Return, from the listing below, each line where the word "with" appears.

<<<<

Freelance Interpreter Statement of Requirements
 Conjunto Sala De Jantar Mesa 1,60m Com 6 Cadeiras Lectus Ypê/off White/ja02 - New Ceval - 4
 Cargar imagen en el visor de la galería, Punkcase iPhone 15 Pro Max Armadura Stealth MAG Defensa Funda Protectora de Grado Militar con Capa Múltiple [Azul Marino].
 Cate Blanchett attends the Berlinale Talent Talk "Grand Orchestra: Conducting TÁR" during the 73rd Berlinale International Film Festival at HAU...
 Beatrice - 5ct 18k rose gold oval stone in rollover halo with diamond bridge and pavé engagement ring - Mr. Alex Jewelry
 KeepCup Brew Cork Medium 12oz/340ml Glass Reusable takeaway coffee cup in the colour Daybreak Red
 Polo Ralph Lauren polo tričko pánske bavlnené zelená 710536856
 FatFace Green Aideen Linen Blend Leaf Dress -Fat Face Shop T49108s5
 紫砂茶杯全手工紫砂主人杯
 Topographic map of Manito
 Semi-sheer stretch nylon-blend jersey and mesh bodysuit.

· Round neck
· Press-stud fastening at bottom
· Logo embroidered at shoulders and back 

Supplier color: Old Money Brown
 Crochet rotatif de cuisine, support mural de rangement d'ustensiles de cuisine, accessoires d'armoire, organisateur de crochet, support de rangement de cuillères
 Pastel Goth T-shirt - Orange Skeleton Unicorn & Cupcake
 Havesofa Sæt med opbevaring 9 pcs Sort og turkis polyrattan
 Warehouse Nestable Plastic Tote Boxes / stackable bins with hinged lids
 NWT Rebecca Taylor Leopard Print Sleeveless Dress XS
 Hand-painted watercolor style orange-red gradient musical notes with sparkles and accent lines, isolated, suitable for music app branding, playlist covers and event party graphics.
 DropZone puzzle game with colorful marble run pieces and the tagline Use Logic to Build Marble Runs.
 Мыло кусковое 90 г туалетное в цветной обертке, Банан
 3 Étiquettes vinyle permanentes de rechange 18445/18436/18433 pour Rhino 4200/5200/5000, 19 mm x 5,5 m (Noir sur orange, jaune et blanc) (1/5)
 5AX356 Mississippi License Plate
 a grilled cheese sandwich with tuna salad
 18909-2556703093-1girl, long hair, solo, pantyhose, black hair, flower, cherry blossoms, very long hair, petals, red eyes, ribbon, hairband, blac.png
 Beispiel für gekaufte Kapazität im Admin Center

>>>>

• REPLY TO THE EXERCISE:
 Beatrice - 5ct 18k rose gold oval stone in rollover halo with diamond bridge and pavé engagement ring - Mr. Alex Jewelry
 Warehouse Nestable Plastic Tote Boxes / stackable bins with hinged lids
 Hand-painted watercolor style orange-red gradient musical notes with sparkles and accent lines, isolated, suitable for music app branding, playlist covers and event party graphics.
 DropZone puzzle game with colorful marble run pieces and the tagline Use Logic to Build Marble Runs.
 a grilled cheese sandwich with tuna salad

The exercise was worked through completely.